§ **What you are asked to do**
In the data below, reproduce everything exactly except the images.

§ **Data section**
========

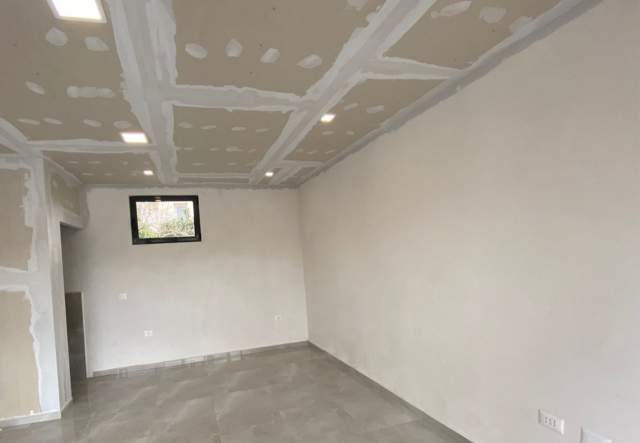 Elbasan, jepet me qera ambjent biznesi 25 m² 30.000 Leke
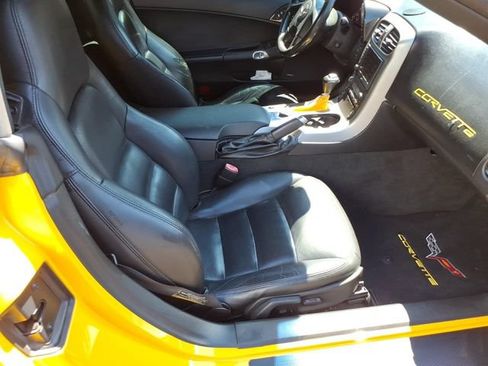 Used 2005 Chevrolet Corvette Convertible w/ Preferred Equipment Group RWD image 11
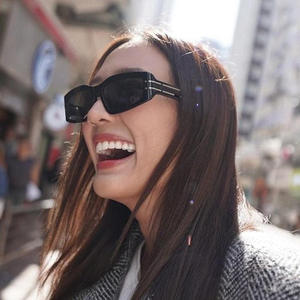 ZS-98167 Gafas de Sol Cuadradas Modernas para Mujer, Montura Negra de PC, Protección UV400 Clase 2, Diseño Ovalado - Product Image 5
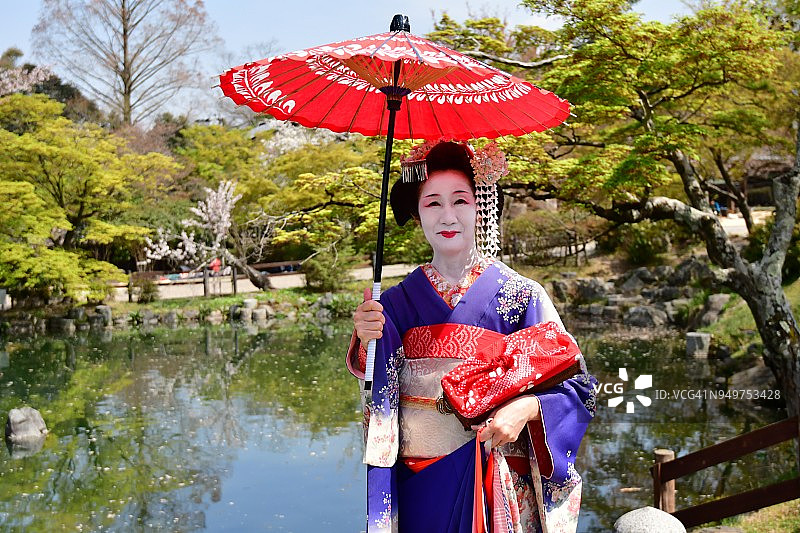 身着舞妓服饰发型的日系女子在京都享受春天图片素材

========

§ **Task solution**
 Elbasan, jepet me qera ambjent biznesi 25 m² 30.000 Leke
 Used 2005 Chevrolet Corvette Convertible w/ Preferred Equipment Group RWD image 11
 ZS-98167 Gafas de Sol Cuadradas Modernas para Mujer, Montura Negra de PC, Protección UV400 Clase 2, Diseño Ovalado - Product Image 5
 身着舞妓服饰发型的日系女子在京都享受春天图片素材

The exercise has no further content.